Willie Rennie MSP said:
“These figures show that the Scottish Government are frequent information offenders. The Information Commissioner should not be having to step in 13 times in just one year to order the release of information that should be public.
“Freedom of information laws have played a mighty role in holding government and public authorities to account and uncovered hosts of scandals.
“However as these laws have bedded in it has become apparent that loopholes remain which allow ministers to dodge scrutiny. Any campaigner who has used freedom of information laws knows that the government will act as opaquely and evasively as possible.
“Twenty years on from when Scottish Liberal Democrats first introduced freedom of information legislation, the time has come to ensure these laws are updated to reflect their original spirit.

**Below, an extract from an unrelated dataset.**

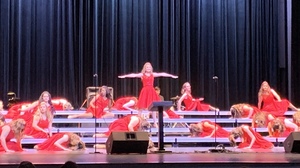 From the THS Music Dept: Performances and Info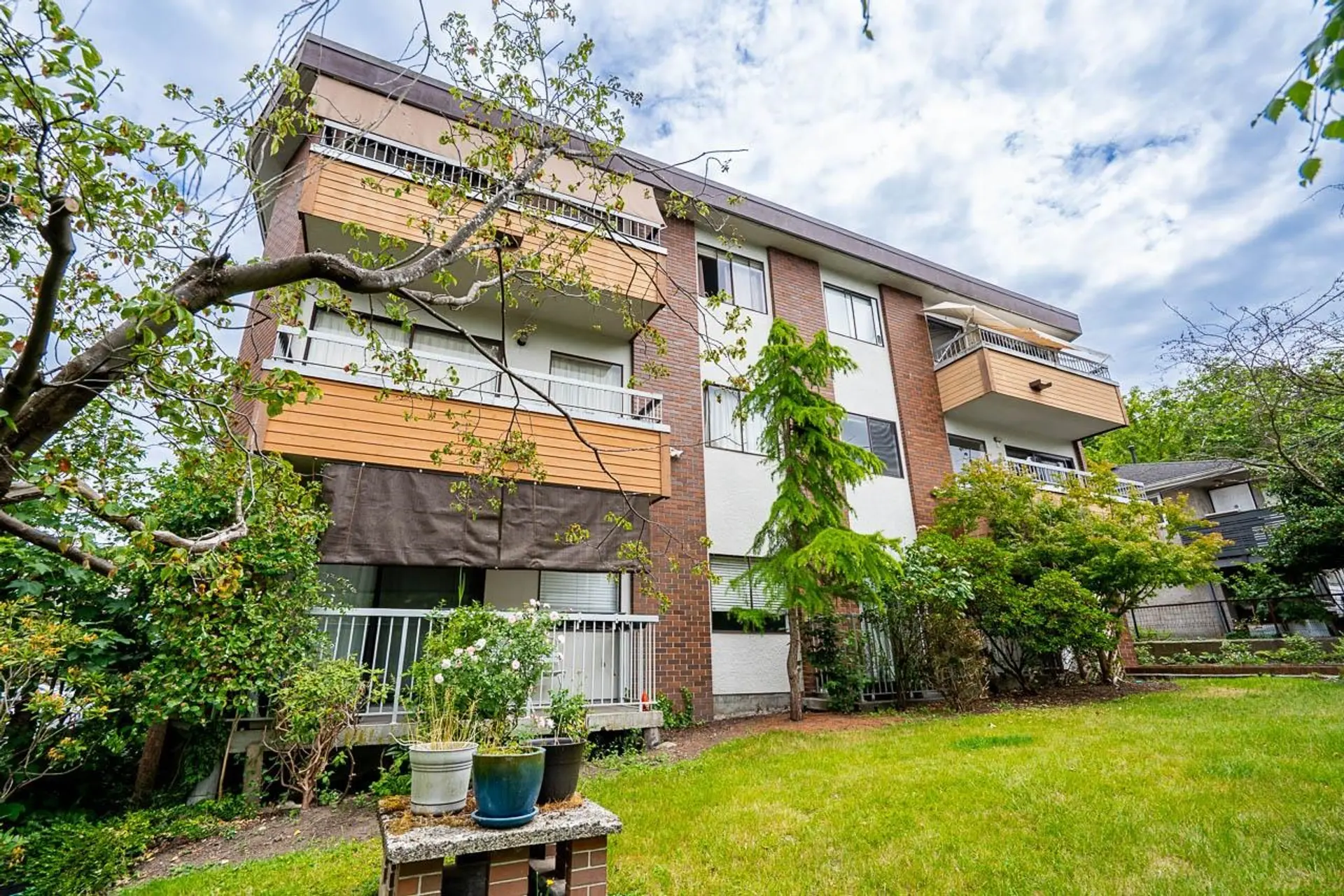 Property at #302 138 Templeton Drive, Vancouver, BC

“Our proposals would help to return transparency, integrity and fair practice back into our politics.”
Notes to editors:
Scottish Liberal Democrats are committed to strengthening Scotland’s access to information laws including:
• Freedom of information laws to be expanded to cover companies which provide government services, after firms receiving up to £700m of taxpayers’ money a year to run services have been exempt
• The introduction of a new “duty to record” so that the public can always access information about important ministerial meetings and decision-making processes
• An end to the Scottish Government placing adverse publicity clauses in public sector contracts, which prevent contactors from saying anything a minister deems detrimental to the public perception of the Scottish Government
• The Scottish Government to commit to international best practice by signing up to the Council of Europe’s Tromso Convention which provides a general right of access to official documents held by public authorities.